- Problem requirements
Lines from the one containing "BAGAN, MYANMAR--Gawdawpalin Tempel" through the end of the material are to be retyped exactly; do not copy pictures.

────────────────

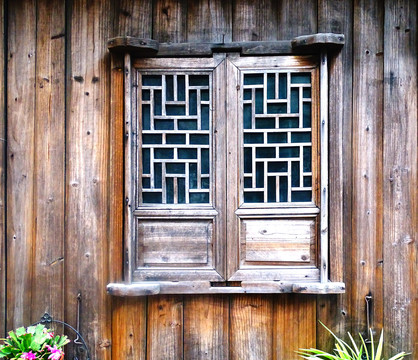 老式木质窗户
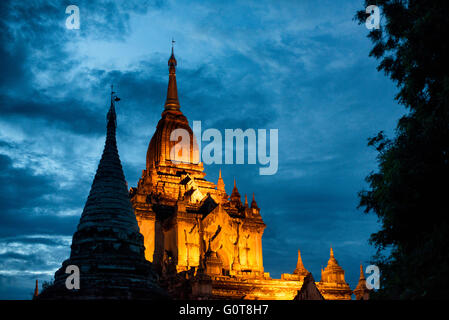 BAGAN, MYANMAR--Gawdawpalin Tempel ist der zweite höchste der Tempel in Bagan archäologische Zone und befindet sich in der Zone Nordwest-Ecke in Old Bagan. Es ist auch bekannt als Gaw-Daw-palin Tempel. Es wurde von 1174 bis 1227 gebaut. Stockfoto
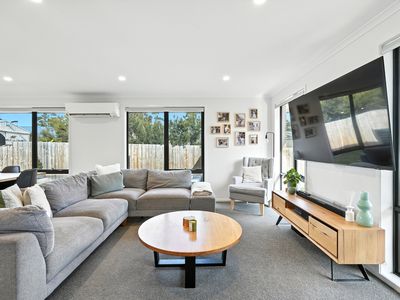 10 Fritton Drive, Dover
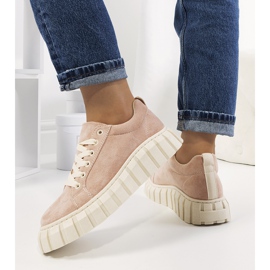 Rosa sneakers på Mirabel-plattformen 1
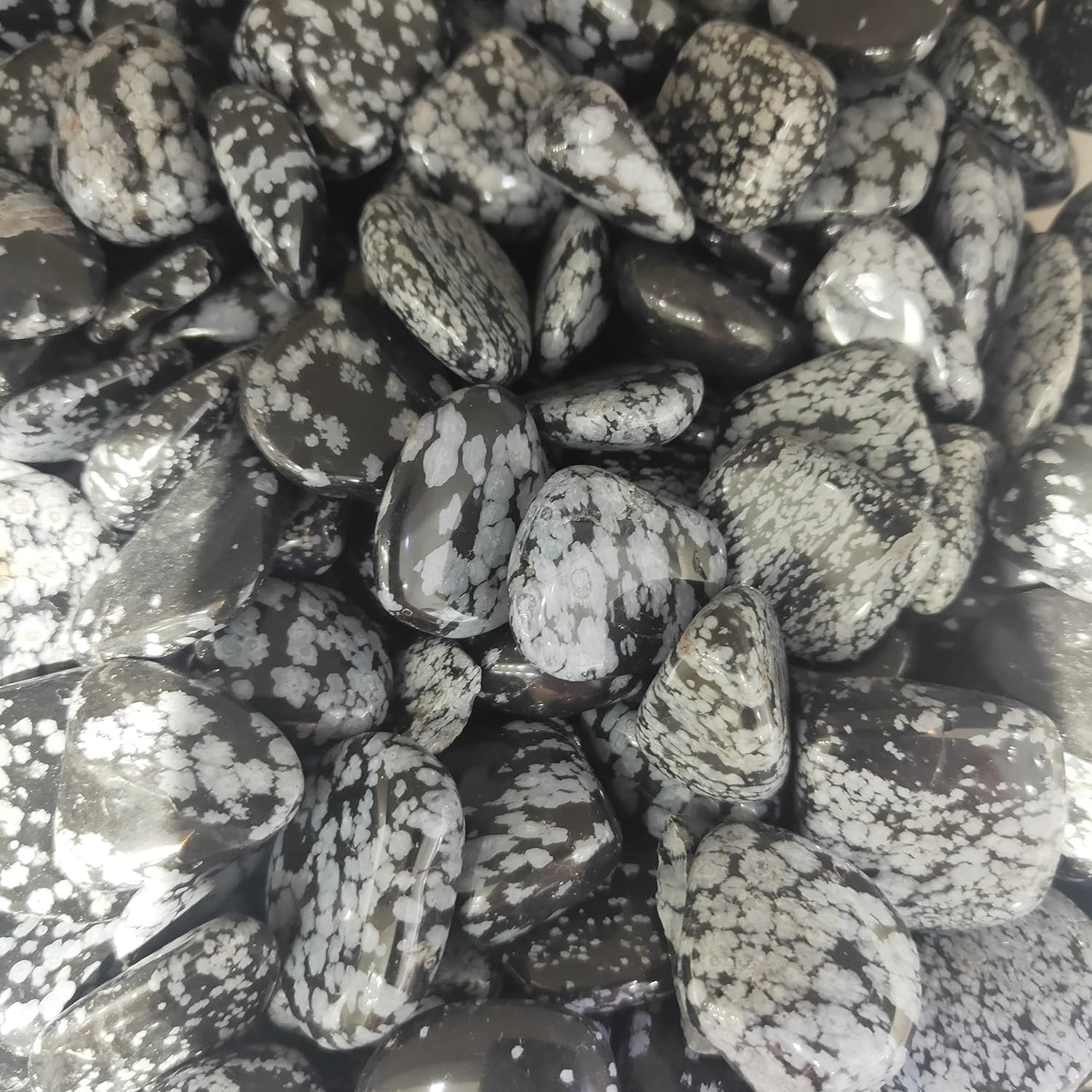 装飾用の宝石 100g-1kgスノーフレーク黒曜石砂利天然と鉱物クリスタル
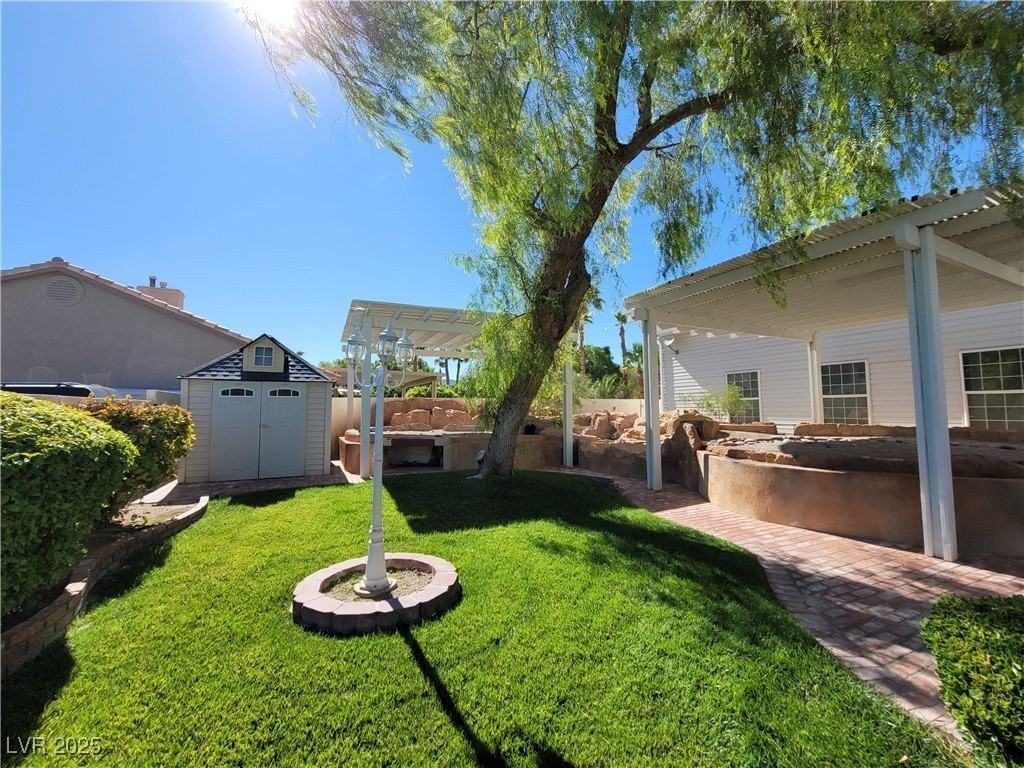 5110 N Valadez St - Photo 7 of 50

────────────────

- Exercise result
 BAGAN, MYANMAR--Gawdawpalin Tempel ist der zweite höchste der Tempel in Bagan archäologische Zone und befindet sich in der Zone Nordwest-Ecke in Old Bagan. Es ist auch bekannt als Gaw-Daw-palin Tempel. Es wurde von 1174 bis 1227 gebaut. Stockfoto
 10 Fritton Drive, Dover
 Rosa sneakers på Mirabel-plattformen 1
 装飾用の宝石 100g-1kgスノーフレーク黒曜石砂利天然と鉱物クリスタル
 5110 N Valadez St - Photo 7 of 50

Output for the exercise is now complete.